Lorsque Ianto se réveilla, au beau milieu de la nuit, son cœur battait encore la chamade. Alors, c'était tout ? Est-ce que quand il allait se rendormir, il cesserait tout simplement de rêver de l'autre univers, comme s'il n'avait jamais existé ? Jane lui avait déjà expliqué comment, de son côté, il pouvait bloquer ses rêves pour un sommeil plus paisible et réparateur. Était-ce à lui, à présent, d’appliquer cela ? Non. Pas encore, pas tout de suite !
Une tristesse infinie lui écrasa soudain la poitrine. Ça faisait mal, terriblement mal. Seul dans les ténèbres, il contempla le plafond de sa chambre, les larmes menaçant de déborder. Une partie de lui brûlait d'y retourner, de se perdre dans les bras de Jack, d'ignorer les remarques de son double…

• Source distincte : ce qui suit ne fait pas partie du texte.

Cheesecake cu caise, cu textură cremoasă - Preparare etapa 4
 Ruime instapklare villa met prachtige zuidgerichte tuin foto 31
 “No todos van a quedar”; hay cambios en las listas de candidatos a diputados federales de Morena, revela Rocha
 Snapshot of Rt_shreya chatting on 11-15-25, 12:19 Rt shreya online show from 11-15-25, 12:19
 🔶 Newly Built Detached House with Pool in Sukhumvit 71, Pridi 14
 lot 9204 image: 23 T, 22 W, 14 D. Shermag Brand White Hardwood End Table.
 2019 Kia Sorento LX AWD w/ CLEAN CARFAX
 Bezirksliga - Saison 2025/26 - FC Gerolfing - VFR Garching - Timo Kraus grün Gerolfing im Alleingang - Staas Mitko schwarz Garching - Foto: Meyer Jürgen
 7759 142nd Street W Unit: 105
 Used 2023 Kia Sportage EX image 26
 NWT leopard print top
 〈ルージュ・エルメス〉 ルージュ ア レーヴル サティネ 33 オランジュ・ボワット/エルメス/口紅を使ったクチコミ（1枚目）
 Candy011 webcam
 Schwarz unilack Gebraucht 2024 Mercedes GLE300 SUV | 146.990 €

Et pourtant… Ce n'était pas la première fois que cette idée lui effleurait l'esprit. Il ne pouvait pas vivre deux vies à la fois, et la scène de cette nuit lui avait prouvé, une fois de plus, qu'il n'avait pas sa place dans l'autre monde. Jack ne voulait pas de lui. Jack ne voudrait jamais de lui, parce qu'il avait déjà son Ianto.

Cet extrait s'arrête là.